Grep, sort, uniq, awk, sed are all worthy tools, but part of the job is deciding when one tool, or tool-set is no longer enough to accomplish your mission. When should you turn over the job to a true sorting engine, a relational database?

Unix systems (everyone uses a unix system for serious crunching of logs right?) have a whole host of great command-line tools:

  1. sort
  2. grep
  3. awk
  4. sed
  5. uniq
  6. cut (which I personally shun)

These are excellent for quickie jobs like: analyzing router logs during an incident, finding trends in web logs, looking for that problem child in syslog output. These tools, however, fall short in terms of flexibility for longer term searching and grouping of results. Reporting on a regular basis can have some serious enhancement from simple database queries, the power that a database brings to log reporting and analysis is truly a sight to behold.

For simple firewall or access-list logs the ability to look over a time period with ease and group by source, destination, ports, protocols and combinations of these is incredible.
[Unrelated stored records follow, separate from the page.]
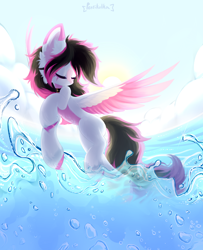 Size: 2600x3200 | Tagged: safe, artist:persikulka, artist:persikulkahouse, oc, oc only, oc:lunylin, species:pegasus, species:pony, collar, eyes closed, female, flying, high res, mare, outdoors, pegasus oc, solo, spread wings, sun, water, wings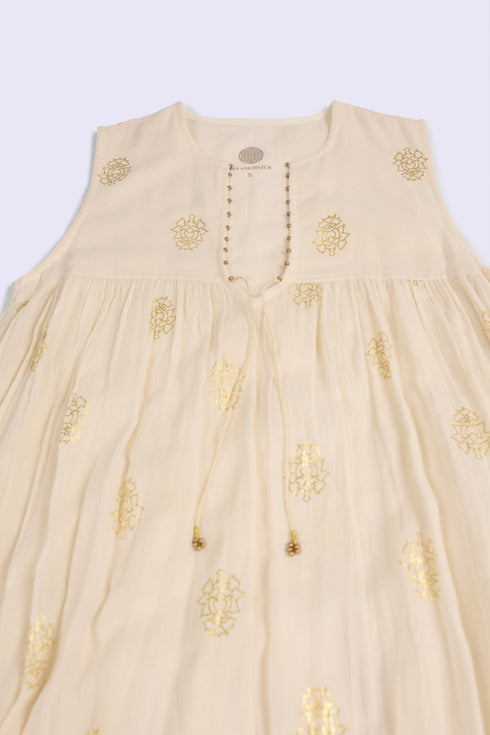 Gold printed cotton gauze dress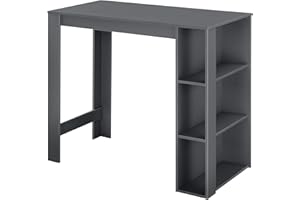 [en.casa] Tavolo Alto da Bar Bancone da Cucina a 3 Ripiani Laterali Penisola Salvaspazio con Scomparti Vani Aperti 120 x 60 x 106 cm - Grigio Scuro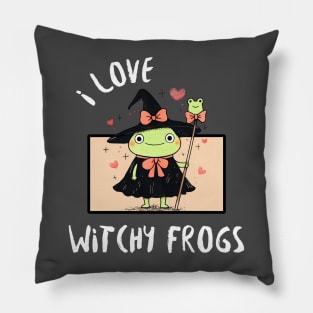 Full Attire I Love Witchy Frogs Pillow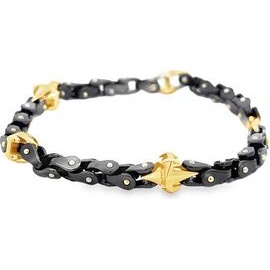 Men’s Chain Bracelet with 18K Yellow Gold Accents and Black Steel Links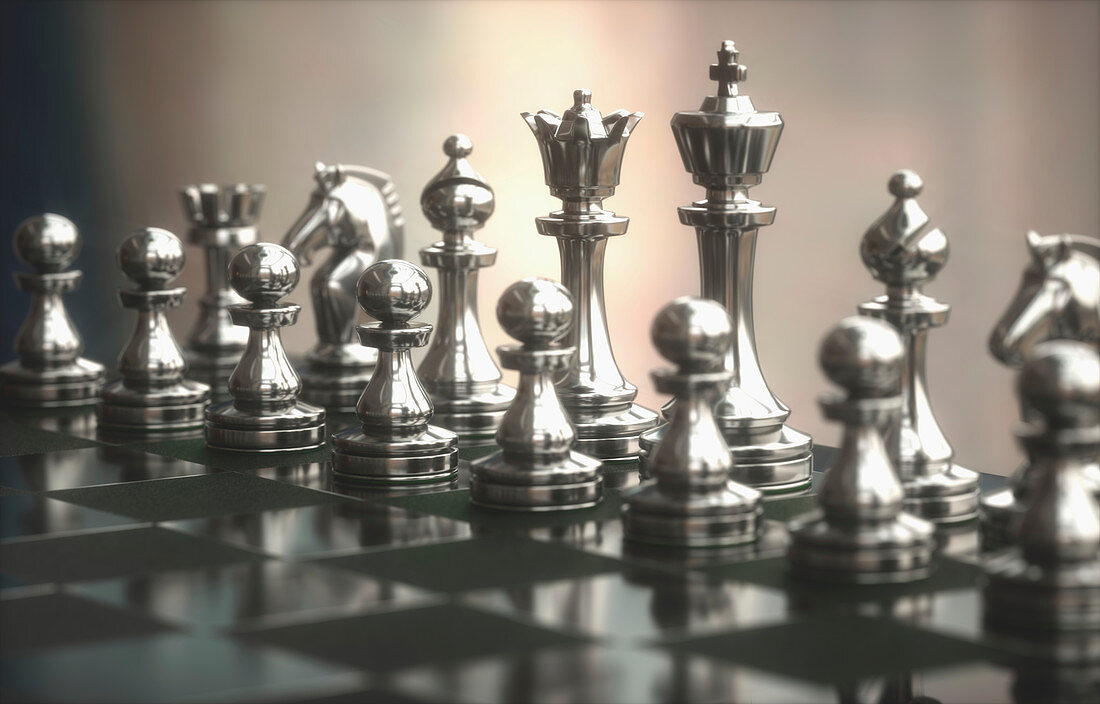 Chess pieces on board, illustration
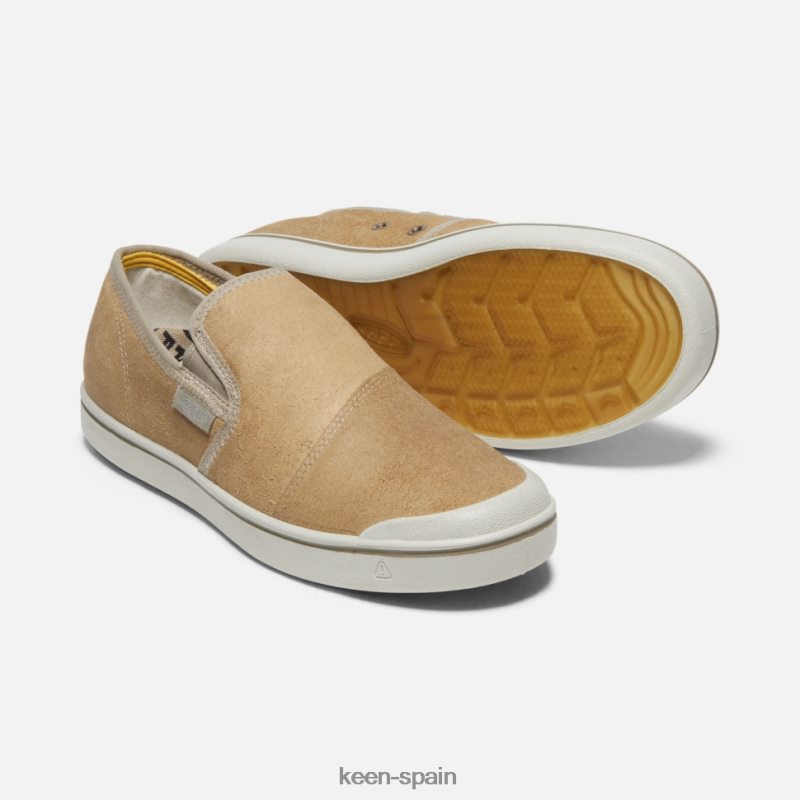 67LRTD487 Keen hombres zapatillas sin cordones de cuero cosecha eldon abedul beige-plateado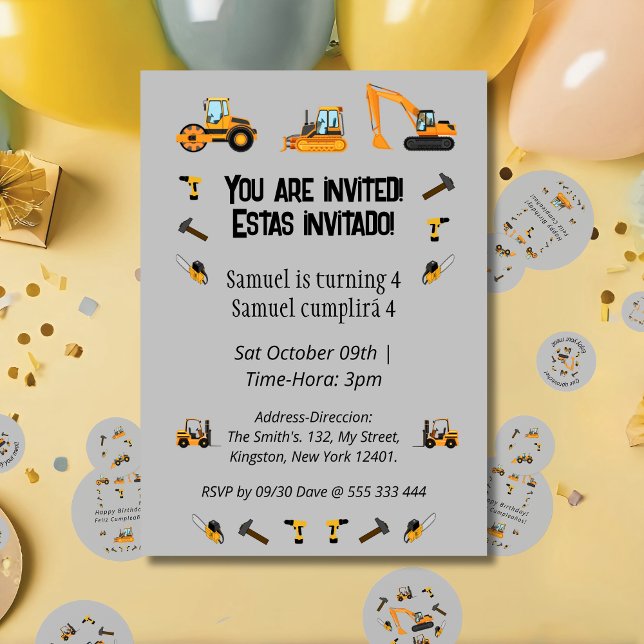 Invitación Tema de construcción de fiesta bilingüe de cumplea (Gray Bilingual birthday party invitation, construction themed, custom Spanish text. Multilingual )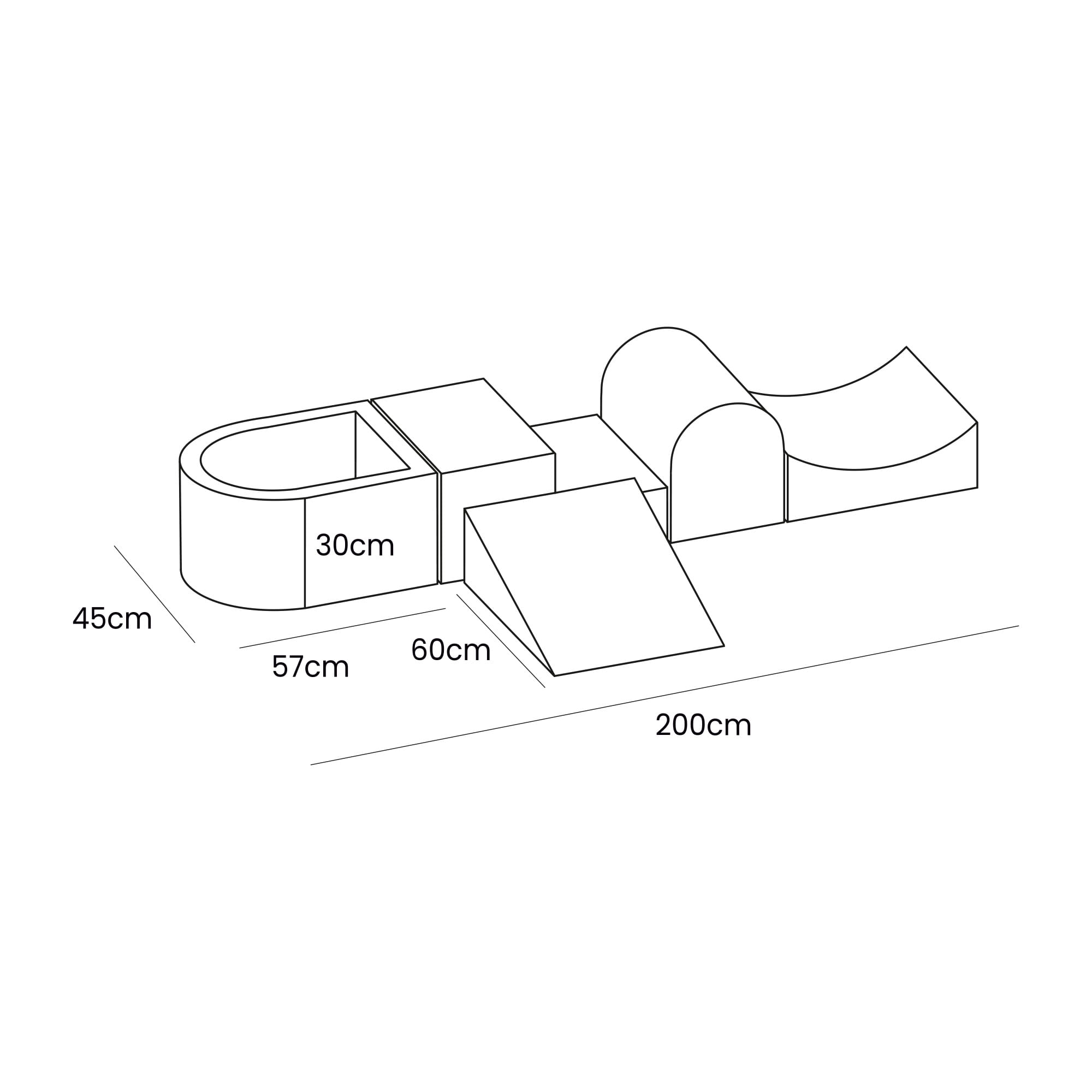 Aesthetic Foam Playground 5 Elements Dimensions Meowbaby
Compare this with the arduous task of tracking totals in awk or sed or perl and parsing compressed logfiles over time. Clearly at some point you’d have to agree that using a database to analyze logs can be useful. Most of the time the decision to use a database comes too late in the process I believe, after there is already a monstrosity of a awk or perl script doing far too much work and taking up far too much time (personnel and machine).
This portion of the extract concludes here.